RECORDS FOR THIS EXERCISE.
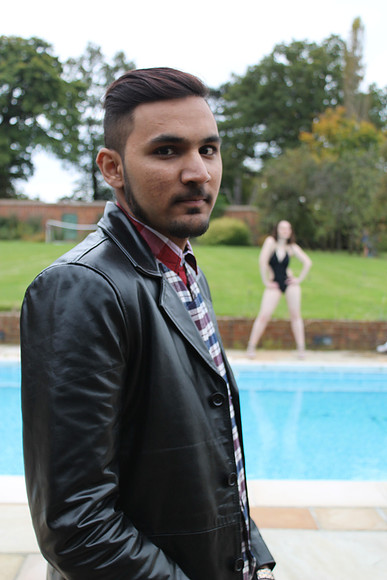 dorking0350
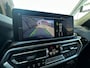 BMW iX3 High Executive M-Sport 80 kWh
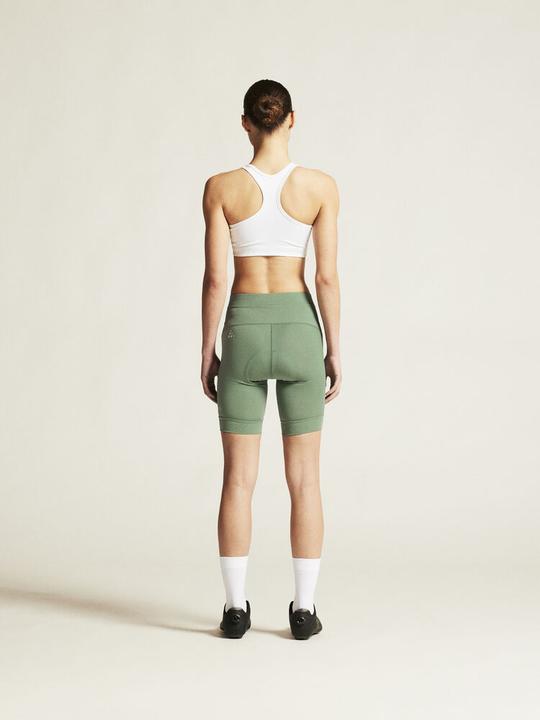 Image du produit Craft CORE Endur Short W (XS)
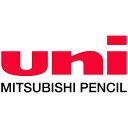 三菱鉛筆｜MITSUBISHI PENCIL uni-ball(ユニボール) ボールペン 黒(インク色：黒) UB155.24 [0.5mm] 3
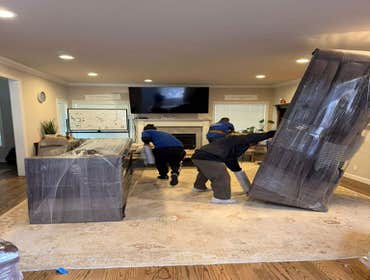 Photos by Roche's Moving Services #1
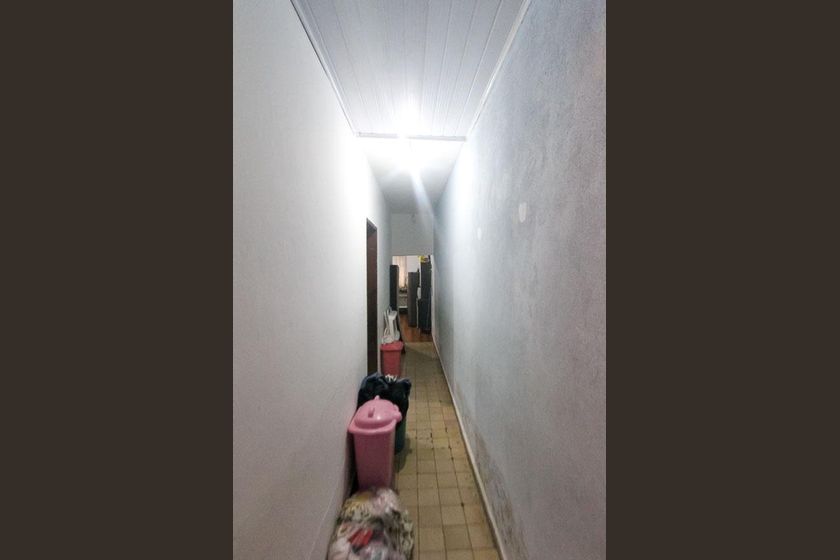 Casa em Jardim Colorado - Mehr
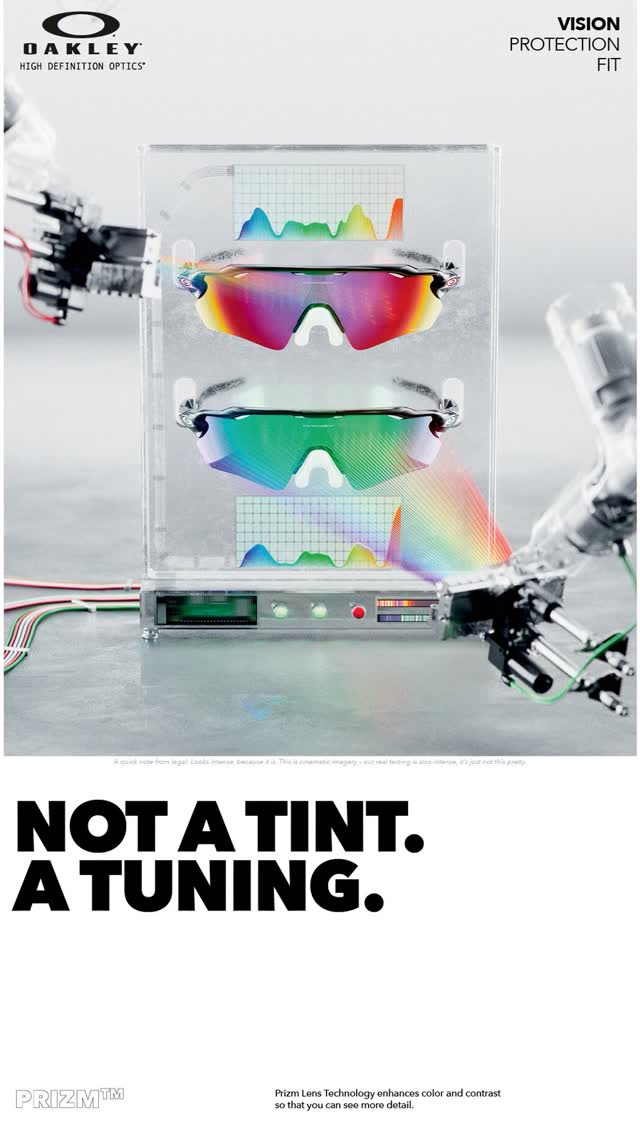 Γυαλιά ηλίου oakley — Eye-Shop Instagram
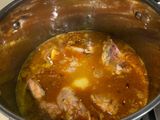 رز كابلي حامض طريقه أهل المدينه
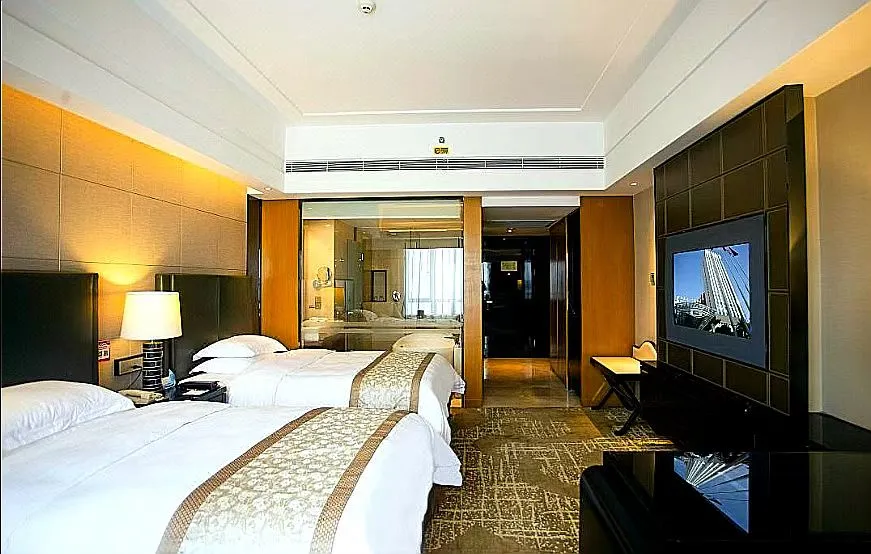 4430ae422bcb3be10a4085e2461a0dd5-sz_98431-2 4430ae422bcb3be10a4085e2461a0dd5-sz_98431-2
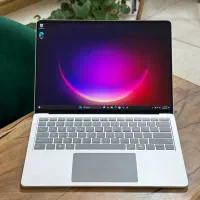 سرفیس لپتاپ ۷ آکبند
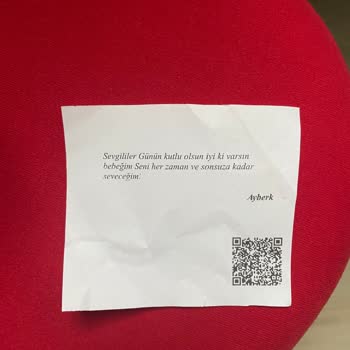 Çiçek Sepeti Özensizliği
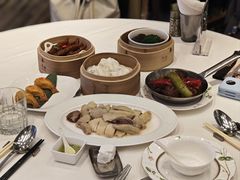 -翠园(北京王府中环店)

PROBLEM DESCRIPTION. The lines wanted run from the one with "Image du produit" through the final line of the data; repeat them word for word and skip every picture.

WRITTEN RESPONSE.
 Image du produit Craft CORE Endur Short W (XS)
 三菱鉛筆｜MITSUBISHI PENCIL uni-ball(ユニボール) ボールペン 黒(インク色：黒) UB155.24 [0.5mm] 3
 Photos by Roche's Moving Services #1
 Casa em Jardim Colorado - Mehr
 Γυαλιά ηλίου oakley — Eye-Shop Instagram
 رز كابلي حامض طريقه أهل المدينه
 4430ae422bcb3be10a4085e2461a0dd5-sz_98431-2 4430ae422bcb3be10a4085e2461a0dd5-sz_98431-2
 سرفیس لپتاپ ۷ آکبند
 Çiçek Sepeti Özensizliği
 -翠园(北京王府中环店)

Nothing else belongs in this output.